Kızıma karışma hakkım var mı?

Durum
Mesaj gönderimine kapalı.
Bilakis tamamen aynı durum aslında:)
Bir üniversitenin köklü olması, önünüzü açacağı anlamına gelmiyor.
Belli başlı 3 5 üni hariç, diğerleri standart zaten.
Ama farklı şehirde yaşarken edinilen tecrübe, sizi denklerinizden 1 adım öne geçiriyor.
Ayrıca hayatında deneyimlemek istediği her şeyi de kontrol eden bir mekanizmayla karşı karşıya olacak.

Çalışma grubuyla beraberken neredesin telefonlarından tutun, kendi küçük çaplı çalışmak istediğinde de yine buna karışan, eğitimine odaklan daha ilk seneden ne stajı ne para kazanması vs lerle uğraşacak.

Aile yanında üni okumak, liseden farksızdır.
Üniversite ise sadece diploma değil hayata hazırlıktır.
Bunu idrak edemeyen ebeveynler bir şekilde müdaheleci oluyor, sonra ben iyiliğini istiyorum adı altında sınırlamalara başlıyor.
 
İnatlaşma vs yoksa ,istediği bölümse uzaktaki ve maddi anlamda gücüm yeterse ben gönderirdim.
Ikisi de denk olur o zaman kızım burada oku denir ama bilemedim bu durumda başka önemli kriterler de dikkate alınmalı bence.
 
Aynen öyle benimde inşallah kızım olacak ama çok korkuyorum artık ortam çok kötü oldu.
 
Ama bakın tek sebeb buysa ben ona dedim ki bizde gelelim o şehirde ev tutalım beraber orda yaşayalım
Hayır dedi
Hmm o zaman Ankara’da ev tutmak ya da İzmir’de ilk sene yanında olup sonrasında dönmek olabilir. Yani kızınız öğrencilik hayatını deneyimlemek istiyorsa haklı, maddiyat sıkıntı değilse imkan sunulabilinir. Ev tutulmasını istemiş, zenginseniz istemiştir ama durumunuz yokken yurt istemem ev tutulacak diyorsa şımarıklıktan başka bir şey değil.

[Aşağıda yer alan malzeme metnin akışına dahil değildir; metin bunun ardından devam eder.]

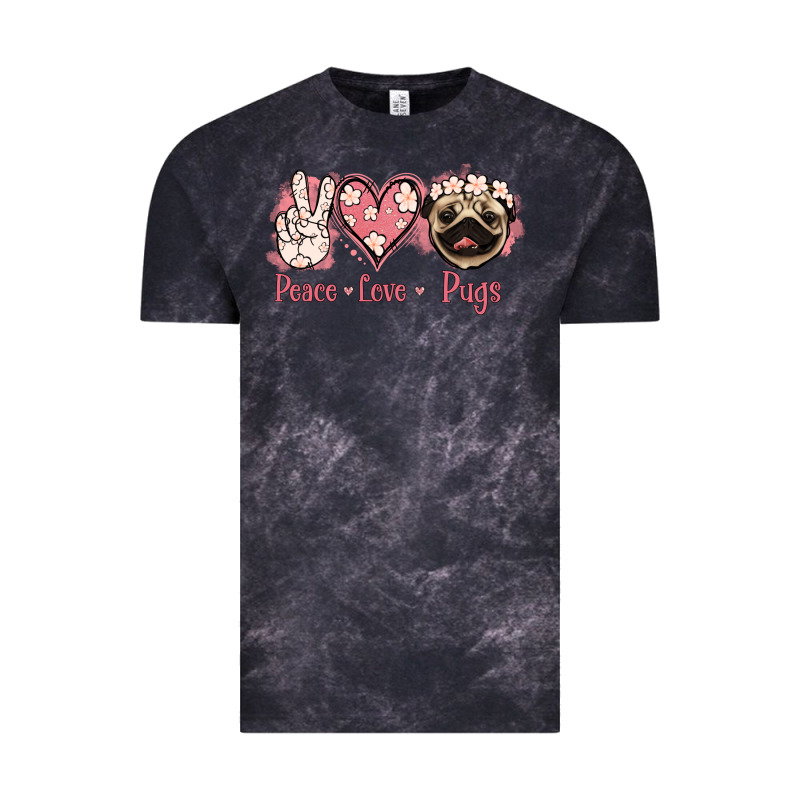 Peace Love Pugs Vintage Tee by Jasminsmagicworld | Teevron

Bu arada kızınızın sevgilisi olabilir mi? Sevgilimin kardeşi de bölümü her ilde olan bir bölüm olduğu halde Urfa yazacağım diye tutturmuştu, sonradan ortaya çıktı ki kız arkadaşı Urfa yazacakmış.
 
Kızim buyudugunde üniversiteyi yanimda okumasini istemem sanirim, ankarayi kazanip burda kalmis kendisi okumak istemisse ayri konu ama, baska sehirde okumasini universite ogrenciligi hayatinin tadina baska sehirde bakmasini isterim karşıda çikmam.
Universiteden sonraki is hayati icin eger evlenirse evlilik hayati icin onemli bir adim bence.
Her daim benim etegimin altinda olmasini istemem.
 
Kızınız belli hayaller kurarak üniversiteyi kazandı. Elbette siz onun iyiliğini rahatlığını düşünüyorsunuz. Ama nacizane fikrim 18 yaşında bir birey olarak kendi kararlarını kendi versin. Siz de yanlış bile yapsa arkasında olduğunu hissettirin. Lütfen bırakın sizin değil, kendi hayallerini yaşasın.
 
Bu kadar detaya gerek yoktu sanki.
Kadının zaten zor bir hayatı olmuş.
"eski konularınızı okudum, çocukluğu zor geçmiş" demeniz yeterliydi.
11 sayfa yorum yapan insanlar icin "çocukluğu zor gecmis"teki 'zor'un ne olduğu da önemli bence.
Kaldi ki konu sahibi uzaklaşmak istiyor olabilir diyen bir uyeye kendime ayna tuttugumda oyle bir sebep göremiyorum minvalinde bir sey demisti, demek ki bu yazdiklarini unuttu veya hesaba katmiyor.
 
Bence her öğrenci şehir dışında okumalı ama gerçekten gitmek istediği üniversite kendi bulunduğu şehirden aşağıdaysa gitmek saçma olur zira belli bölümlerde üniversite çok önemlidir. Bırakın gitsin. Lakin yok tek yaşıcam ev tutun emirleri olamaz kimse kusura bakmasın. Yani kiramı öde faturamı yememi harçlığımı öde sürekli para akışı olucak.Öyle sürekli baba anne para para para gönderin olmamalı çünkü kemdi ayaklarının üzerinde özgür bir birey olmuyor ailesinin üstünden rahat parayı düşünmeden bir düzen isteyip sizi cüzdan olarak görmesin. Belli bir miktar belirleyin idare etsin. Para akışında hakkınız gayet olur
 
kızım okusun isterim ama güvenli bir şekilde takiple
şu anki yeni nesil hiç birşey dedirtmiyor onlara kalsa hiçbirşeye karışmıycaz
ama ben kimimde karışmıycam sana diyorum kızıma ve güvenle yaşaması okuması için uğraşıyorum
 
Bence karismayin bolumun adi ayni olsada universiteden universiteye kalitesi degisiyor. Ozellikle buyuk sehirde okumak daha faydali
 
18 yasindaki insani takipte ne bileyim biraz salin
 
Bence ortayolu bulun. Ayrı eve tamam diyin ama Ankarada olsun misal Bahçeli veya 100.yıl. Tek olmasın, ev arkadaşlı olsun. İlk yıl evde dursun, eve çıkacak bölüm arkadaşı baksın.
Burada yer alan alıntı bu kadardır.